Jack and I visited in NC twice since our marriage. The first time I was just a few months along with Jackie--and when Jack was inducted in the army we were down. On our first visit we only saw Mack and Ann but our last visit was longer and Jack going in the army made a difference, I think. I met Sam and his family, Cathleen and her family, Jim and his, Johnny, Ann, and Jack's mother and daddy. My family is large too-- so I understand it takes quite a time to meet them all.
Jack tells me I'm very frank about everything and he's glad. Well, I like all of Jack's people. They were lovely to me, but I can't understand them. They seem much too distant to one another to be a happily united family. Maybe I think this because my father died when we were so young and naturally we grew up together so closely. Even though some of us are hundreds of miles apart we are close together in spirit and love at all times. I very seldom hear from any of Jack's though. Mack writes occasionally and once I had a letter from Ann. She was coming to Seattle, so she said.
I firmly believe this war will make a difference in everyone. The reunion in NC will be something to look forward to-- I do hope I get to meet you and your family soon for I know we'll have lots in common to talk about.
The picture you mentioned Jack sent-- he has so many. I don't know which one he sent you. The last snapshots I sent Jack were not very good but they were at least familiar faces to him. Soon, I'll have more taken and send you some good ones. Jackie's hair is cute now--cut like a boy's. Makes lots of difference in his appearance.
Jackie is a typical boy--spoiled--but that's our fault, but lovable as anything. He's the joy of our lives and we give him more than the usual amount of love. The way he talks is so cute, and a pleasure to watch. I wish Jack could be here to see him grow. He's missing so much.

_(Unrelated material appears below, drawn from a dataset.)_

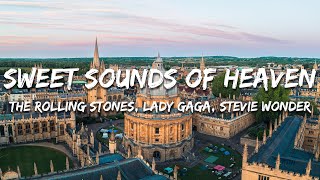 The Rolling Stones - Sweet Sounds Of Heaven (Lyrics) ft. Lady Gaga, Stevie Wonder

Jack and I have great plans for our future. If only God sees fit for him to return to us. I work all the time and try and save. Jack is the most important thing in my life--without him, I'd be lost. We are terribly in love--people say as you are married longer you grow out of it, but we seem to grow more in love with each passing day even though separated.
The weather here has been awfully warm. No relief at all. Maybe we should live in the mountains, eh?
Elizabeth, thanks again for writing and answer soon, won't you? Your letter meant so much to me and I'd like to feel close to someone who also belongs to Jack. My love and best wishes to all. If Ira is like Jack, I'll love him--for Jack is the most wonderful husband any girl could ask for. My people think so too.